Figure 1. Predicted effects on shortwave radiation (watts/m2) due to anthropogenic sulfate aerosols in the 1950s (top left), 1970s (top right), 1980s (bottom left), and 1990s (bottom right). Note the increased regional cooling effects in central Asia, India, and particularly eastern Asia.

Under a special allocation of computing time provided by the Office of Science INCITE program, Dan Bergmann, working with a team of LLNL scientists including Cathy Chuang, Philip Cameron-Smith, and Bala Govindasamy, was able to carry out a large number of calculations on 128 and 256 processors.

The objective was to assess the effects of anthropogenic (man-made) sulfate aerosols. The IMPACT model calculates the rate at which SO2 (a gas emitted by industrial activity) is oxidized and forms particles known as sulfate aerosols. These particles have a short lifespan in the atmosphere, often washing out in about a week. This means that their effects on climate tend to be more regional, occurring near the area where the SO2 is emitted.

To accurately study these regional effects, Bergmann needed to run the simulations at a finer horizontal resolution, as the coarser resolution (typically 300 km by 300 km) of other climate models is insufficient for studying changes on a regional scale. Livermore’s use of the Community Atmosphere Model (CAM3), a high-resolution climate model developed at the National Center for Atmospheric Research (NCAR) with collaboration from DOE, allows a 100 km by 100 km grid to be applied. NERSC’s terascale computing capability provided the needed computational horsepower to run the application at the finer level.

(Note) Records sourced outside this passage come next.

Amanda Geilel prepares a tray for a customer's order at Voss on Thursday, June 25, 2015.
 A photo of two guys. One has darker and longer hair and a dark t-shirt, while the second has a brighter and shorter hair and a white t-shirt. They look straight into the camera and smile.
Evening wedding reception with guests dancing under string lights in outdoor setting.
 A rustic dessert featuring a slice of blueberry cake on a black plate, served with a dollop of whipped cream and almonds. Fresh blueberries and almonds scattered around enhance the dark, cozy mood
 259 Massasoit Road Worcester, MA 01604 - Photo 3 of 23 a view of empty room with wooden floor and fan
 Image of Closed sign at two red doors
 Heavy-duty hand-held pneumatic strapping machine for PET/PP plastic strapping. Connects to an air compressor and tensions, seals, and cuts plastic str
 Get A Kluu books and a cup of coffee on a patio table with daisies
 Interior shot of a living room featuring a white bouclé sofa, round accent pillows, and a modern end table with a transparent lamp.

Depending on their composition, aerosols can either scatter or absorb sunlight, thereby cooling the Earth and acting as a counter to the warming effects of greenhouse gases. Greenhouse gases such as carbon dioxide are much more long-lived, so they stay in the atmosphere and have more uniform distribution. But since global warming has not increased as much as some computer models predict based on greenhouse gases alone, scientists have become more interested in aerosols and their possible role in countering some effects of greenhouse gases.

The atmospheric concentrations of both aerosols and greenhouse gases have increased over the past century and, because of their effects on shortwave and longwave radiation (which are partially offsetting), have presumably upset to some degree the thermal equilibrium of the climate system. While satellite measurements and field studies provide vital information to document the global and regional climate impacts by aerosols and greenhouse gases, accurate climate model simulations are an equally important tool in quantifying the radiative forcing as well as identifying and analyzing the climate response.

By running numerous calculations at finer resolution, the team was able to see the cooling effects by region, and to see more differences in the effects of varying concentrations.

The simulations also gave the team an opportunity to test new meteorological data generated using LLNL’s version of NCAR’s CAM3. This model calculates the various factors influencing climate, such as winds, temperatures, and precipitation. This data, which bordered on the terabyte scale, was also generated at NERSC.

The LLNL researchers then used the climate data to drive their chemistry model, known as IMPACT. By varying the SO2 emissions levels while running IMPACT, the team was able to simulate different scenarios for each decade, analyze aerosol distributions from each simulation, and then examine their effects on radiative forcing at regional scales.